The closed-door trial started on July 23 and the sentences -- the maximum allowed for sedition -- were handed down late on Friday. The activists' families were allowed into the court to hear the judgments. There was no defence lawyer.
The particularly harsh sentences do not augur well for 13 top dissidents arrested last month and now in prison awaiting trial on sedition charges.
Continuing its crackdown on more than two weeks of protests against soaring fuel prices, the junta's papers launched a second day of attacks on exile dissident groups, accusing them of fomenting unrest and planning a violent revolution.
"The expatriate terrorists are plotting by various ways and means to undermine national peace and stability and prevalence of law and order in cohort with destructive elements within," the New Light of Myanmar, the junta's official mouthpiece, said.
Most of the groups mentioned are based in India or Thailand, where they have been since the army was sent in to crush a nationwide uprising against decades of military rule in 1988. Around 3,000 people are thought to have been killed.

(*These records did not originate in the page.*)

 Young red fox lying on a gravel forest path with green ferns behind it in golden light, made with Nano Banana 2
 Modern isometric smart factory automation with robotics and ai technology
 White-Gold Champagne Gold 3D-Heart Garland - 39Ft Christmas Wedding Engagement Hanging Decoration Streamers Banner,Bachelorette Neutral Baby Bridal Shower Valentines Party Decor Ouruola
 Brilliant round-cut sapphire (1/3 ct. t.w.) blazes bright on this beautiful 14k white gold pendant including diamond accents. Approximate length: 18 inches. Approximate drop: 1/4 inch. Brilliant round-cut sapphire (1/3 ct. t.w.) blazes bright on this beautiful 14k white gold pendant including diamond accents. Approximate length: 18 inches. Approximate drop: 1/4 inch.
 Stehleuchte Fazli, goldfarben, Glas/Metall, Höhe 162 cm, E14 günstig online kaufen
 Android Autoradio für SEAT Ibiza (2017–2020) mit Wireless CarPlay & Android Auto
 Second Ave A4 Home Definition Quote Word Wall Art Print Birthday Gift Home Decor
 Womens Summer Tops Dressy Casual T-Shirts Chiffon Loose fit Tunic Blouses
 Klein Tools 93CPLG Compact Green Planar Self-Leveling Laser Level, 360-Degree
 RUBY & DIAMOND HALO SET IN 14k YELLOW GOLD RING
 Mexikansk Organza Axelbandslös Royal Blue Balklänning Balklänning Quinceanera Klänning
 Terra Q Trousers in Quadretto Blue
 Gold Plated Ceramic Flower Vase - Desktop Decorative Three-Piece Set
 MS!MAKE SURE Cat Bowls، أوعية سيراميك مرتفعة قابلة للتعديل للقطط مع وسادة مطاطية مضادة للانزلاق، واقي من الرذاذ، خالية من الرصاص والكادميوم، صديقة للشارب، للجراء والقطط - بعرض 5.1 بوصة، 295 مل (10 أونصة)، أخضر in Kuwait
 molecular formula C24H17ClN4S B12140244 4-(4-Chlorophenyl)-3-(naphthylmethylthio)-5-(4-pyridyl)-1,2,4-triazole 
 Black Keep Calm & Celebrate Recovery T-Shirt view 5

The paper also called on the public to keep their eyes open for "saboteurs", saying it was vital the government, the people and the army united to crush "the enemies within and without".
There were no reports on Saturday of any more of the fuel price protests that have spread from Yangon to the centre and coastal northwest, and which are starting to involve the monkhood, major players in the 1988 revolt.
This week, several hundred young monks seized 13 government officials and torched their vehicles in Pakokku, 80 miles (130 km) west of Mandalay, in an angry response to soldiers firing warning shots at a monks' protest march the previous day.
The crackdown, one of the harshest since 1988, has drawn withering criticism from the United States and European Union, and unusually strong words from Myanmar's Asian neighbours.
Even China, the generals' main trading partner and the closest they have to a friend, said it wanted to see "reconciliation and improvement in the situation".